Sie hat in einer Studie festgestellt, dass die Zahl der Dürren, die durch Schneeschmelzdefizite ausgelöst wurden, im Zeitraum 1994 bis 2017 um 15 Prozent höher war als in den Jahren 1970 bis 1993. Sie geht davon aus, dass der Trend sich fortsetzt, weil die Schneefallgrenze steige. Damit sinke die Menge an Wasserreserven, die im Schnee gespeichert seien.
Historischer Regenmangel in Frankreich
In Frankreich weisen nach aktuellen Daten des nationalen Wassermonitorings von 422 beobachteten Grundwassergebieten schon jetzt 125 ein sehr niedriges Niveau auf, 120 ein niedriges Niveau und 97 ein mäßig niedriges Niveau.
Der französische Umweltminister Christophe Béchu rief in einem Interview mit dem Sender FranceInfo dazu auf, Wasser zu sparen. “Der Klimawandel bedeutet, dass die Wasserreserven in Frankreich um 15 bis 40 Prozent sinken”, sagte Béchu.

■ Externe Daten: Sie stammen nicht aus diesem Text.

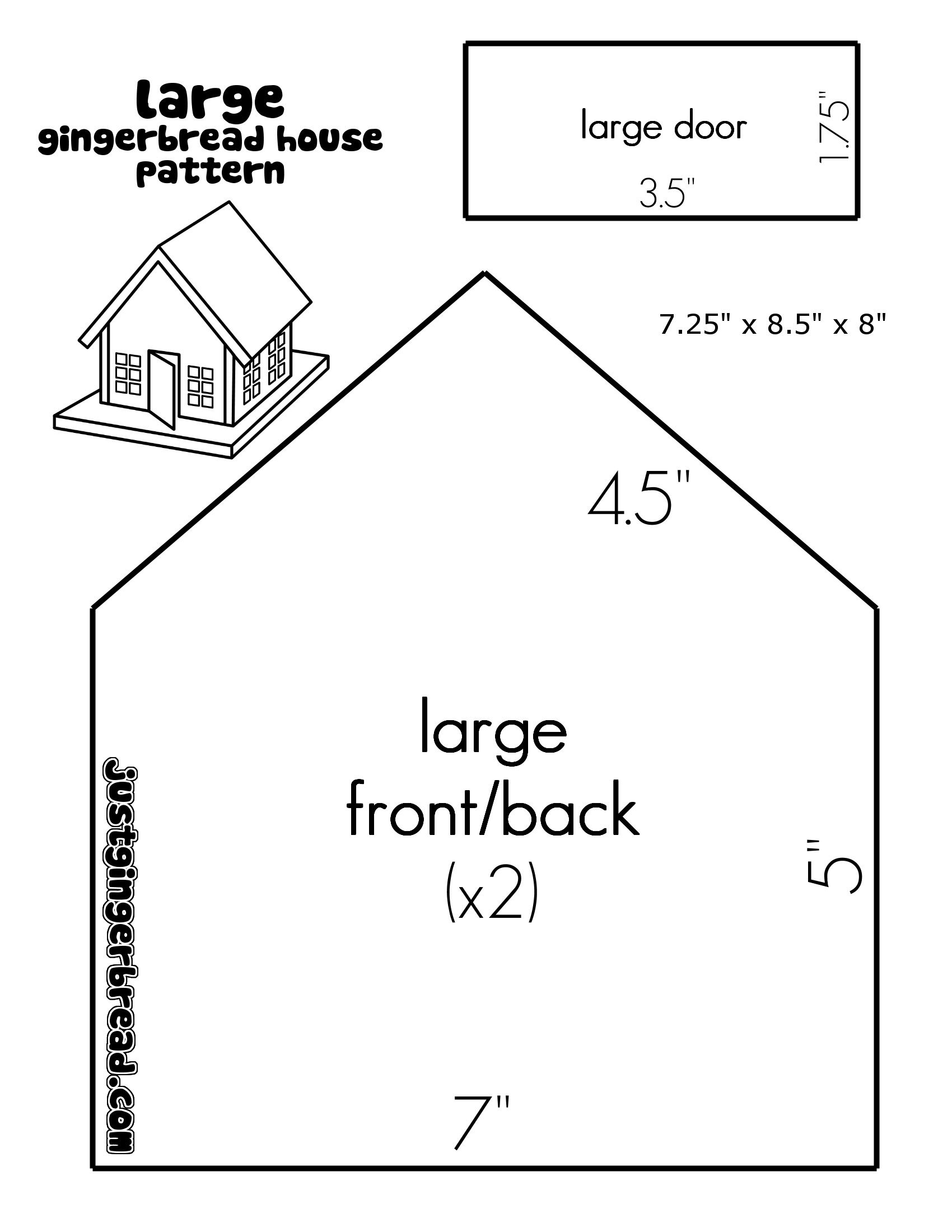 Large Gingerbread House Template Printable Large Gingerbread House Template Printable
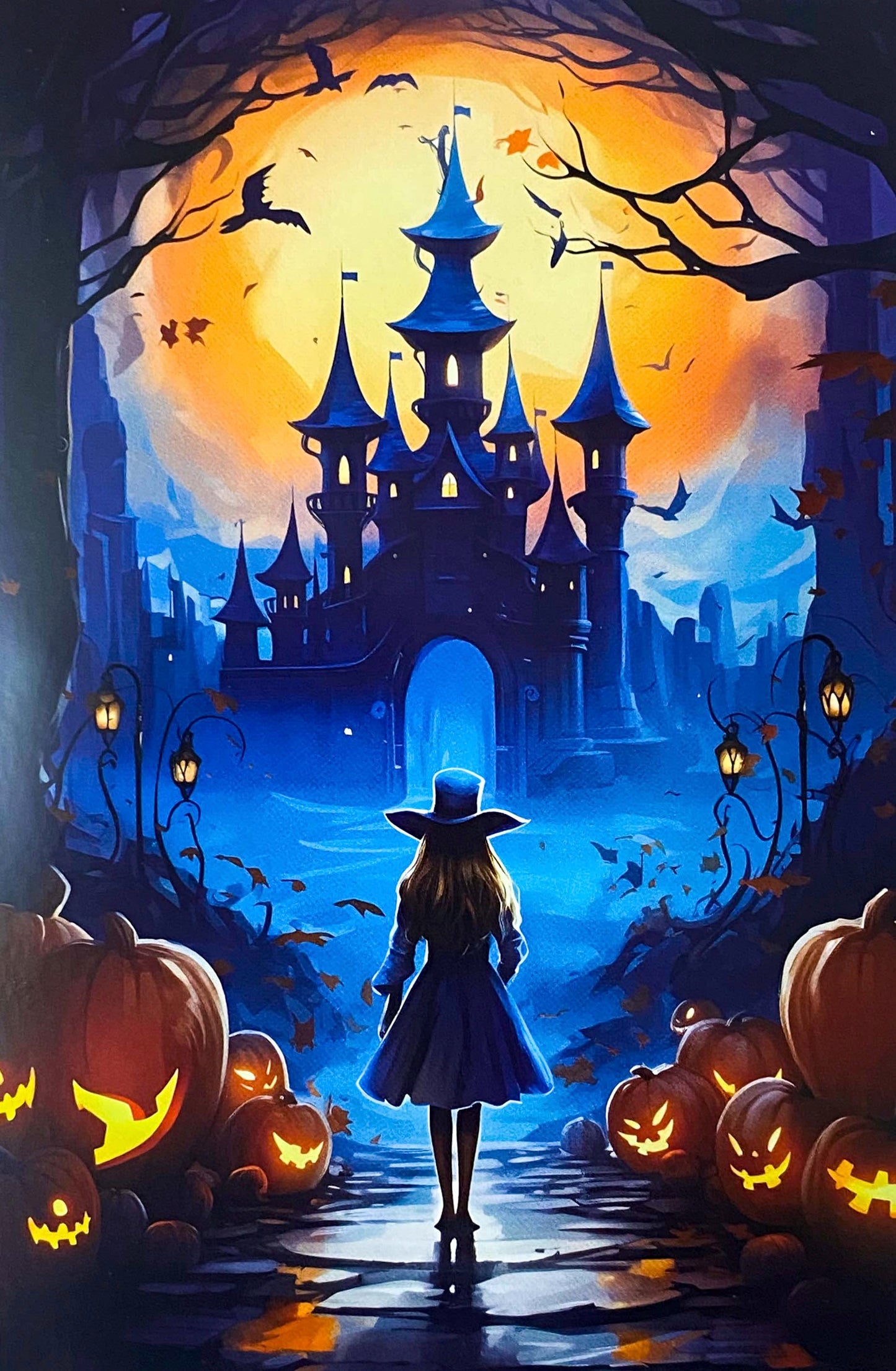 magic magical kawaii cute colourful bright vivid postcard postcards individual single card cards post beautiful uk stationery shop halloween spooky pumpkin pumpkins witch witches bat bats haunted house lantern lights orange blue special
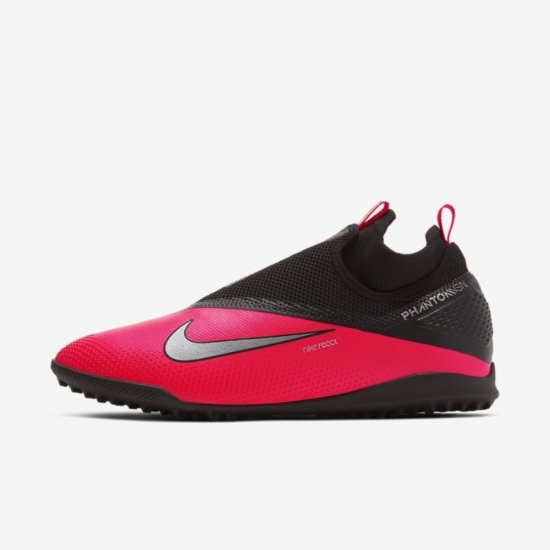 Nike React Phantom Vision 2 Pro Dynamic Fit TF | Laser Crimson / Black / Metallic Silver - Click Image to Close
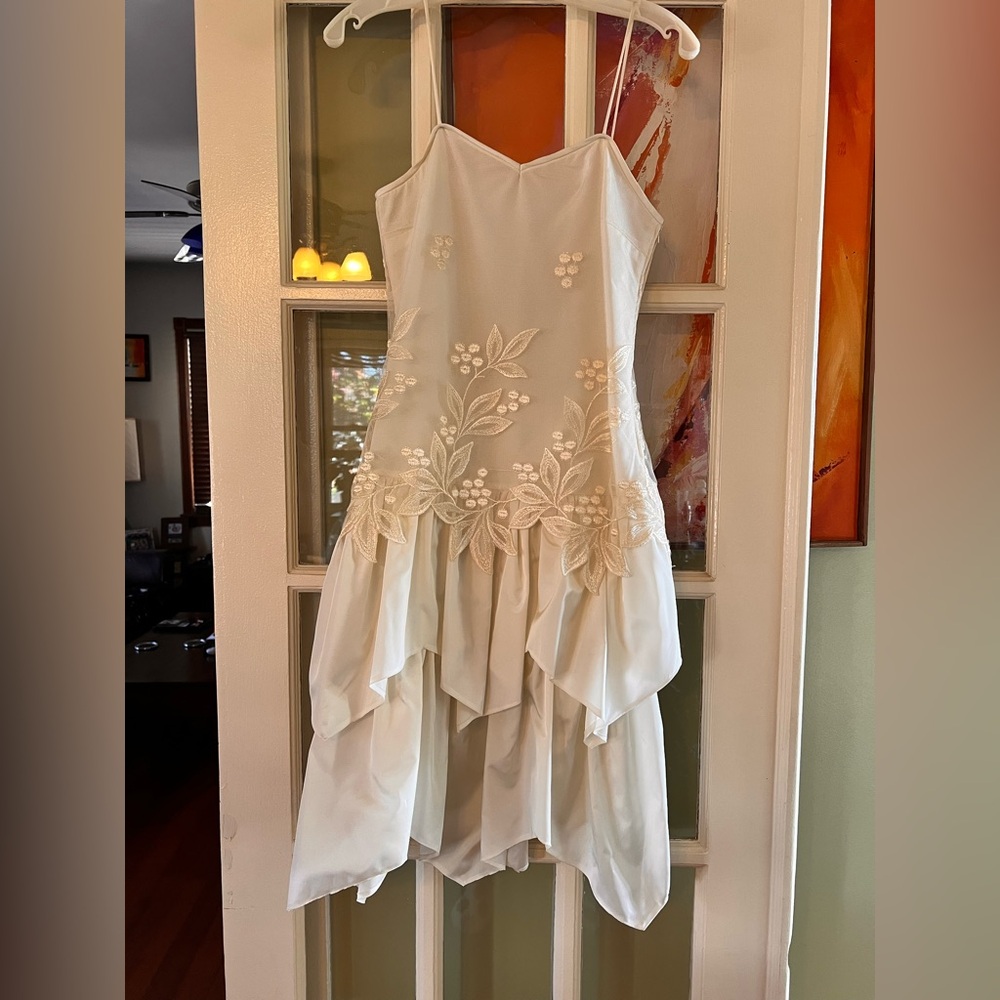 White Strapless Dress with Floral Embroidery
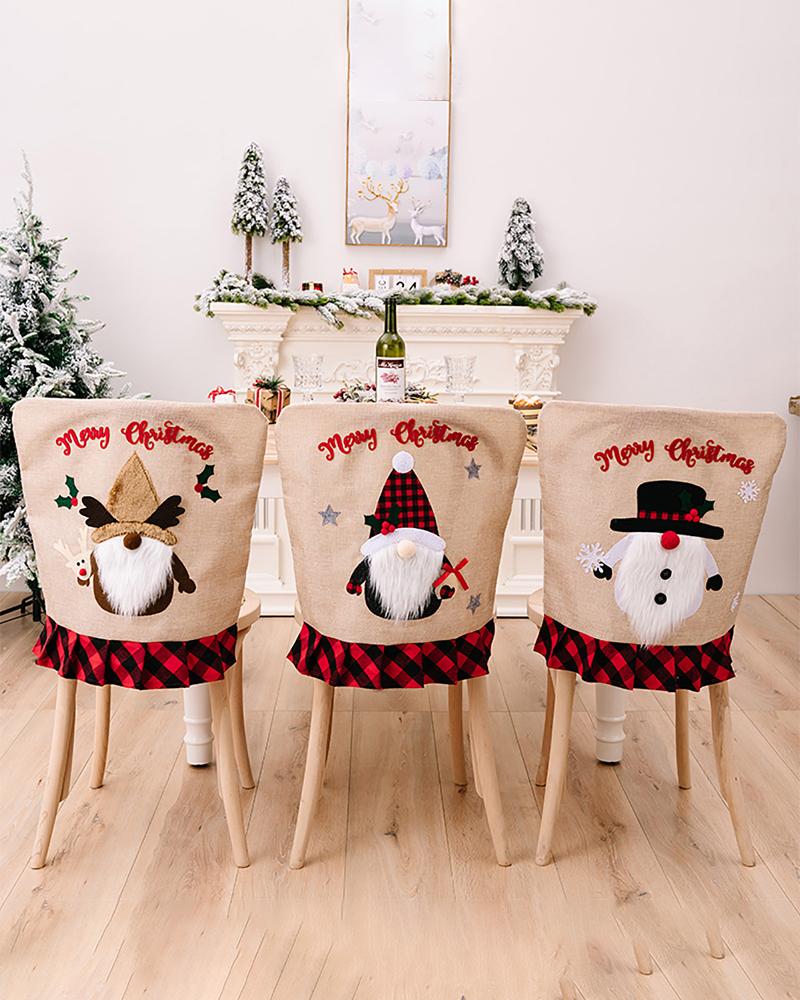 

Christmas Dining Chair Covers Dinner Chair Slipcovers Christmas Chair Seat Back Covers Protector Holidays Home Party Decorations, Style2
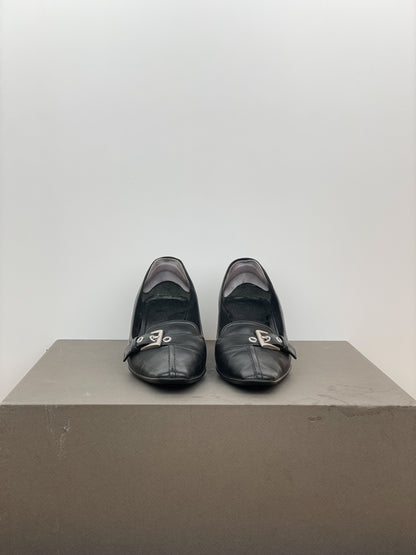 Prada 2000s Buckle Kitten-Heel Pumps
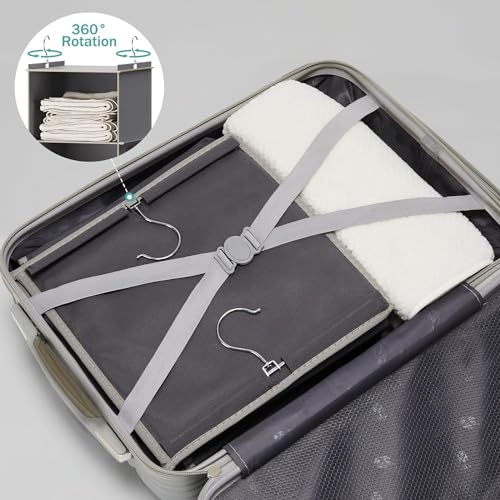 YOUDENOVA Hanging Closet Organizer 6-Shelf Grey with Side Pockets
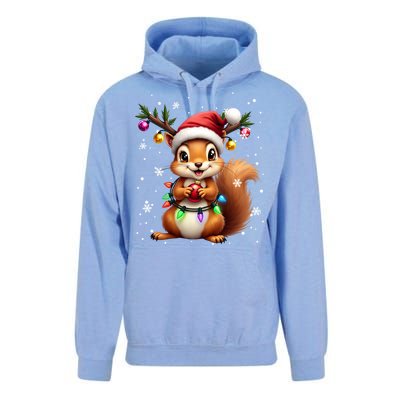 Festive Squirrel Spreading Holiday Cheer With Lights Gift Unisex Surf Hoodie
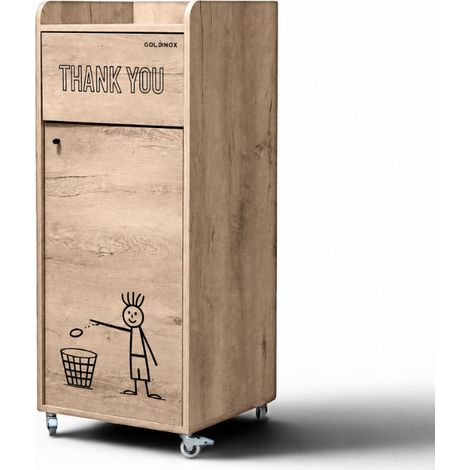Poubelle snack "THANK YOU" en bois Chêne clair 100 Litres PREMIUM - GOLDINOX (1/4)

Vier Departements ergriffen bereits Maßnahmen gegen den Wassermangel und verboten beispielsweise Autowäschen. In Frankreich hatte es bis Mitte letzter Woche 32 Tage lang am Stück nicht geregnet – die längste Periode seit Beginn der Wetteraufzeichnungen 1959, teilte der französische Wetterdienst am Mittwoch mit.
Nahrungsmangel droht
Auch ganz Norditalien leidet unter langanhaltender Trockenheit. Nach dem regenfreien Februar im italienischen “Food Valley” drohe ein Minus bei der nationalen Lebensmittelproduktion um 40 Prozent, schrieb die Zeitung La Repubblica. Niemand könne sich dort an eine schlimmere Trockenheit erinnern. Es bräuchte nun mehr als einen Monat Regen, um die Bodenbearbeitung für die Frühjahrsaussaat zu ermöglichen. Zusätzlich würden Mandel-, Pfirsich- und Kirschbäume aktuell durch einen abrupten Temperaturabfall geschädigt.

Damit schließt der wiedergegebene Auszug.